Lawless and the Flowers of Sin by William Sutton
|Lawless and the Flowers of Sin by William Sutton|
|Category: Crime (Historical)|
|Reviewer: Megan Kenny|
|Summary: Lawless and the Flowers of Sin is something of a rarity in the world of historical fiction, it manages to titillate with tales of bawdy backroom brothels whilst at the same time inspiring in the reader a sense of injustice and outrage at the hypocrisy of the so called war against the Great Social Evil. What becomes apparent is that the trials and tribulations faced by the characters within this book have not abated with time, or with advancements into the modern age. If the point Sutton was trying to make is that the root of the Great Social Evil was, and remains, the unjust use of the poor by the rich to satisfy their own desires then this was made, clearly and with violent grace. Read this book and understand the meaning of vice and virtue in Victorian London but also hear the echo into the present day.|
|Buy? 'Yes'||Borrow? 'Yes'|
|Pages: 464||Date: July 2016|
|Publisher: Titan Books|
|External links: Author's website|
Much of this book centres on, as we are accustomed to in tales of Victorian London, dastardly deeds done on a foggy night. Indeed the fog runs thick through this novel, draping the seedy events in a soupy broth of vice. Our hero, Lawless, rather ironically, is that most rare of birds, an honest detective, although as we learn he, himself, is not without his vices. What becomes clear however is that he is something of a social crusader when his eyes are opened to the misery and degradation faced by 'fallen' women. At its heart, the Flowers of Sin is a detective story, with Lawless given an impossible task to complete alongside solving a seemingly impossible crime. Along the way he meets a rag tag bunch of misfits who help, hurt and hinder our hero. There is romance and intrigue along the way as well as a sensational public trial, murder and episodes of mayhem.

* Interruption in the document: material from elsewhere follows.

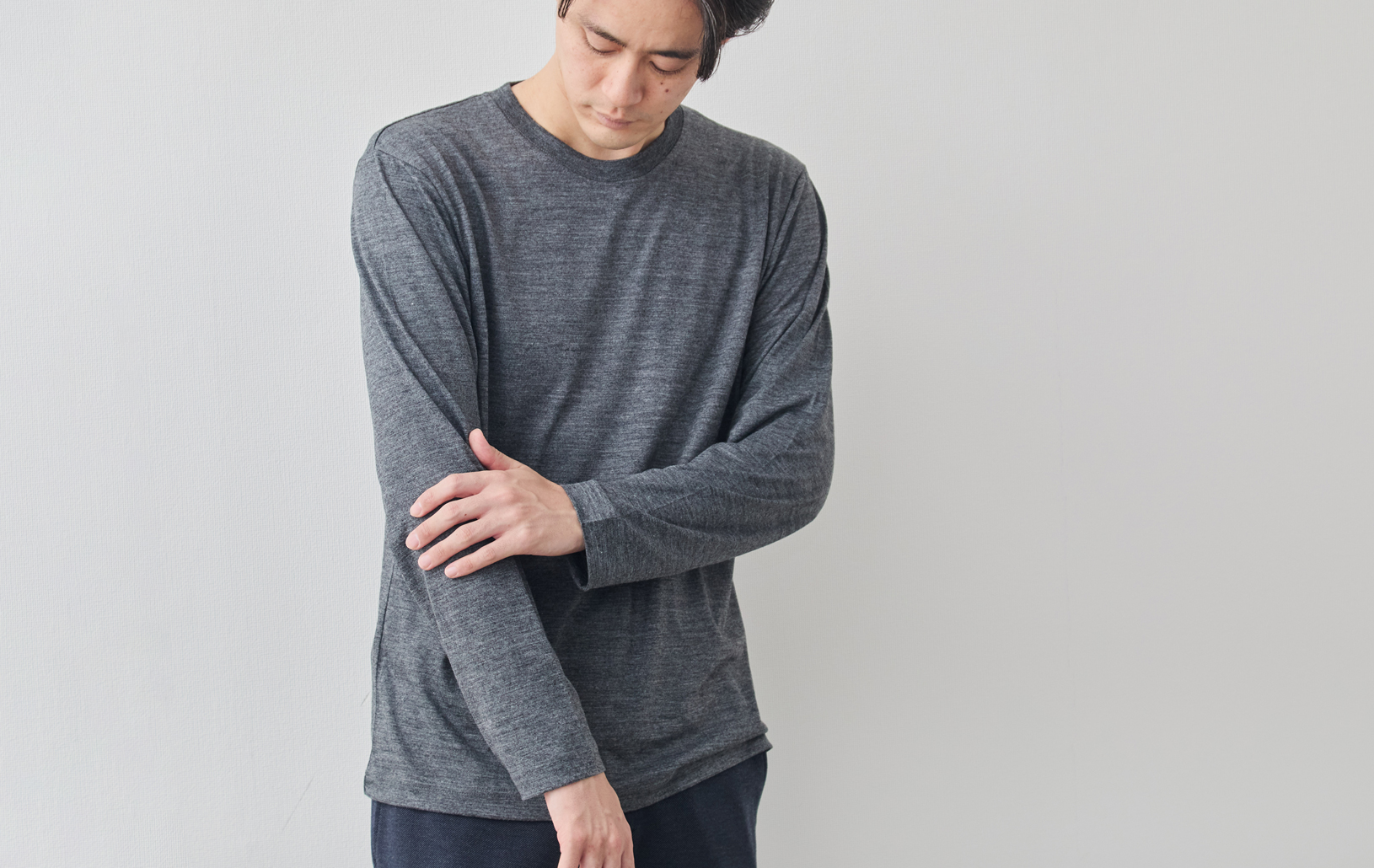 NIKKE AXIO® PremiumドレープTシャツ/長袖/グレー | Factelier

It is obvious that a vast amount of research went into this book and it shows in the well drafted scenarios and characters. There are moments of true beauty and by turn, artless violence but neither the sin nor the scandal are overplayed and even the most horrific events are kept under wraps. This is not a book for those lovers of gore; rather the insidious grime of the era, the sheer bone chafing and laborious task of daily living is what permeates the reader's consciousness. The Flowers of Sin is a meditation on the Victorian era and whilst it is an enjoyable, easy to read romp which lovers of historical fiction will surely enjoy, it is also much more than that. It becomes clear that Sutton is a lover of language, as a fellow logophile this made the book all the more enjoyable for me. As Lawless dances with danger, battles with backslang and steeps himself in sin, the evocative quality of the narrative makes it seem as though you are there with him, investigating vice under cover of darkness, fighting for justice and playing chess in some rather unusual places (no spoilers here!). Sutton's use of language also helps create characters that leap off the page, rather than cower behind it. These characters are by degrees graceful and graceless, scintillating and soporific and feel altogether real. This is the real strength of Sutton's Flowers of Sin, by creating characters who speak to the essential humanity in all of us, he has written a novel which entertains but also examines the deeper root of the so-called 'Great Social Evil.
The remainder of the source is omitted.